Update: Turns out the LibTooling API can be coerced into not passing the -fsyntax-only option. This is what clang-check does, for example. However, the way LibTooling API is done, it’s impossible to obtain resulting LLVM IR without a global variable so I’m still not going to use it.

The plugin

The idea is pretty simple: The plugin is passed a header file name and a list of constants that the user wishes to import. It then composes a simple C++11 snippet that includes the header file and for each macro constant it defines a variable initialized by that macro.

Why C++11? Because C++11 has type inference via auto. Without that the type would either have to be inferred somehow else (how?) or specified by the user, none of which seemed like a good idea to me.
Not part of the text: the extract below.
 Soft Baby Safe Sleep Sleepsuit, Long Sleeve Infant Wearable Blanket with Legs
The snippet is then compiled by Clang/LLVM into a LLVM IR module, which can be enumerated fairly easily. The values as well as inferred types are extracted from the module and Rust AST is generated based on that information.
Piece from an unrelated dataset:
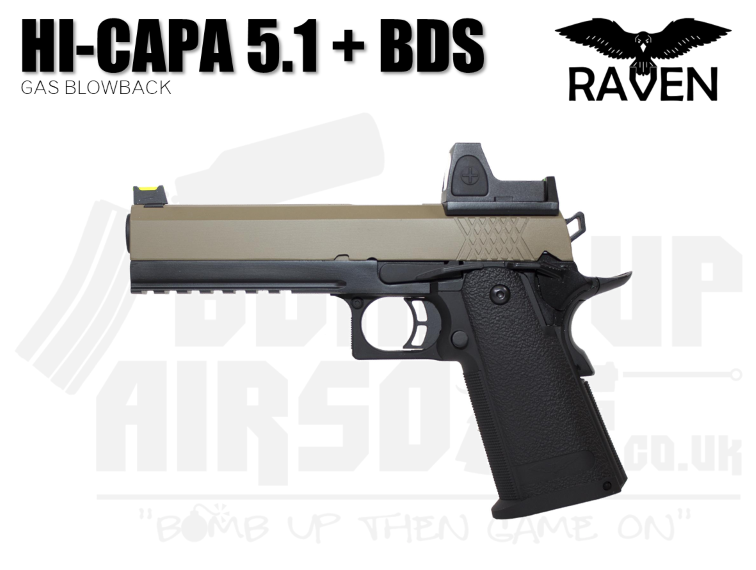Raven Hi-Capa 5.1 + BDS GBB Airsoft Pistol - Black/Tan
For example, this is a snippet the plugin genereates in the above example:

extern "C" {
#include "limits.h"

auto rust_import_INT_MAX = INT_MAX;

Annoyances along the way

Compiler APIs aren’t exactly the easiest to get a hang of, and Clang is definitely no exception. A notorious problem when working with Clang API is Clang’s builtin headers. Normally, the compiler locates these by first obtaining location of itself (the binary file) and using a hardcoded relative path from there. Which kind of makes sense for the compiler, but makes life difficult for API users. I use a build script that invokes clang to find out builtins path as well as other system include paths.

Second problem is rustc, specifically, the fact that it has parts of LLVM 3.3 statically linked into it. This makes it impossible for plugins to link to LLVM, even if using dlopen(), because LLVM apparently performs some static init of some static data (I bumped into this problem here).

For that reason I decided to split off the Clang/LLVM part into a seperate backend binary that the plugin invokes as a process and communicates with. This makes linking problems go away and also the backend binary (called clang-rust-import) can be easily tested separately from rustc.

The plugin talks to the backend process in JSON.

Source code

The code is short and very rough around the edgedes, I wrote it in a couple of afternoons most of which I sepnt trying to decipher the enigma that the Clang API is (and to a lesser extent, Rust compiler API).

So far the plugin only imports macro constants and only of integral type. No other types are supported as well as no other kinds of C declarations. Not that it’s impossible or particularly difficult, but I just couldn’t be bothered yet.

Anyway, the repo is here:

To compile & use, following tools & libs are needed:

  • cmake
  • clang 3.6
  • jsoncpp

The backend binary is compiled separately, it’s located in ./backend/. Compile it using cmake and symlink the binary somewhere in $PATH so that the plugin can find it.

The plugin can be compiled using cargo from the top-level directory, but it’s best to use it as a dependency in another project, such as the one in ./test directory.

NOTE: The plugin might not work as expected, might not even compile, or might compile but do something preposterous. Approach with caution.

Enjoy and please feel free to criticise & provide feedback.